What you are asked to do: Wherever "pink" turns up in the entries, copy out the line that holds it.

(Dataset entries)
▬▬▬
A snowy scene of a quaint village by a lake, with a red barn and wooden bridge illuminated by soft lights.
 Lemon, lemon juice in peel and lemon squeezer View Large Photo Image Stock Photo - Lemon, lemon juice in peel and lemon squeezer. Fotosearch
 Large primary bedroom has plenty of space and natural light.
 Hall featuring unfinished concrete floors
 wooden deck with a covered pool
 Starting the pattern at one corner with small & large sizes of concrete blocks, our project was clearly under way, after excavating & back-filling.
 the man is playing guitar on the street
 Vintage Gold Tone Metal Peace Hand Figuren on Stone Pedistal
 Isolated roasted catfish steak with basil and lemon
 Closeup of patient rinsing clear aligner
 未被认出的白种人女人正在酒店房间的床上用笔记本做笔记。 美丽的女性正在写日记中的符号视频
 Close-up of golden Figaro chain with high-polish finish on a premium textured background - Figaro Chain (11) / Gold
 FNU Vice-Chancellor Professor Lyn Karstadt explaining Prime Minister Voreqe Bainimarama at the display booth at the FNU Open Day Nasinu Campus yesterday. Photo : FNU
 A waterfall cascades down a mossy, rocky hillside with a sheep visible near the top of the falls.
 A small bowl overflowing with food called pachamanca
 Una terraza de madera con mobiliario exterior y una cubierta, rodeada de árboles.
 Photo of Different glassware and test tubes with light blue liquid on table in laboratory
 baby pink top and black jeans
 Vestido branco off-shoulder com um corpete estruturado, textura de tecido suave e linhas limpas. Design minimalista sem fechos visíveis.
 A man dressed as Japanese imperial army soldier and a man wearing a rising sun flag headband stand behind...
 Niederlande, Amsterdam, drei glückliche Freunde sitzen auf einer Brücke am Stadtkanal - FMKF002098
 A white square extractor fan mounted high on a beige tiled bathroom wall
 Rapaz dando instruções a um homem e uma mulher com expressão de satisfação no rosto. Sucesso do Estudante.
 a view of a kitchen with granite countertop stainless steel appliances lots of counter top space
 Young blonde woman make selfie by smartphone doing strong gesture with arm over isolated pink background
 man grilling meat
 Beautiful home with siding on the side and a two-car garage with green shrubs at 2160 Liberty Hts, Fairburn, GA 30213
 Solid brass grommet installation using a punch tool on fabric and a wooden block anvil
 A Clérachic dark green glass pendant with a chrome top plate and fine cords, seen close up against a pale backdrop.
▬▬▬
Answer box:
 baby pink top and black jeans
 Young blonde woman make selfie by smartphone doing strong gesture with arm over isolated pink background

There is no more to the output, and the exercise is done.